One final note, if anyone hasn't seen MessageEase, they should check it out. It's a compelely different model for typing that involves a very compact and optimized layout to minimize finger movement, as well as a mixture of tapping and swiping. If it had the benefit of SwiftKey's language model, I'd use it for everything, but as it stands, I use it mainly where completion is not available (e.g. in terminal sessions).
My current project is building an Atreus keyboard which will have the QGMLWY layout in hardware, hopefully bypassing all the compatibility issues.
They recently won a "lasting impact" award for this paper.
Also, Cliff Kushler and Randall Marsden are the inventors of Swype, not the authors of the paper you cited.

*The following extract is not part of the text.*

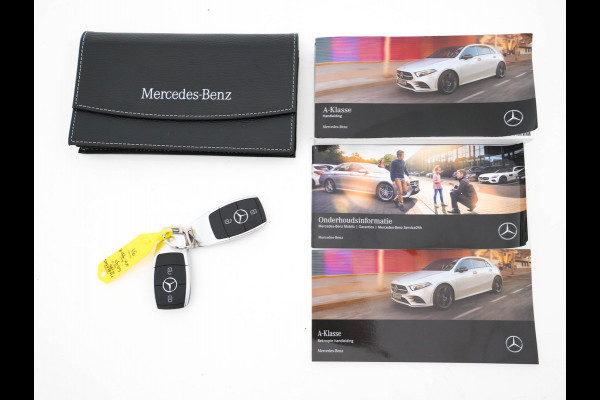 Mercedes-Benz A-Klasse 180 Advantage Style-Pack (INCL-BTW) Aut. *WIDESCREEN-DIGI-COCKPIT | LEATHER-MICROFIBRE | CAMERA | NAVI-FULLMAP | ECC | PDC | CRUISE | CARPLAY | HEATED-SPORTSEATS | CARBON-INLAY | DAB | SHIFT-PADDLES | 16"ALU* Mercedes-Benz A-Klasse 180 Advantage Style-Pack (INCL-BTW) Aut. *WIDESCREEN-DIGI-COCKPIT | LEATHER-MICROFIBRE | CAMERA | NAVI-FULLMAP | ECC | PDC | CRUISE | CARPLAY | HEATED-SPORTSEATS | CARBON-INLAY | DAB | SHIFT-PADDLES | 16"ALU*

My hunch, upon starting to read this article & looking at the patterns, is that as soon as you arrive at an optimized keyboard layout, you have created a new kind of cursive & you can dispense with the keyboard. You might need one more optimization step to do it, but you can unfold the strokes patterns & there you have a kind of shorthand.
I often don't know how to correctly spell a word. On T9 it can be difficult to get a prediction if you don't know how many Cs & Ss there are in "necessary".
I find that SwiftKey (through which this comment is typed) is very good at correcting my showing as I swipe.
B C D F G H J K L M
^ # A E I O U . ,
N P Q R S T V W X Y Z
I can see how the approach here might not be that optimal in technical terms but I think there's huge value in its conceptual simplicity. I find it easy to imagine switching to it and getting up to decent speeds in a reasonably short timeframe, which is more than I can say for other layouts I've looked at over the years. Well done, both of you.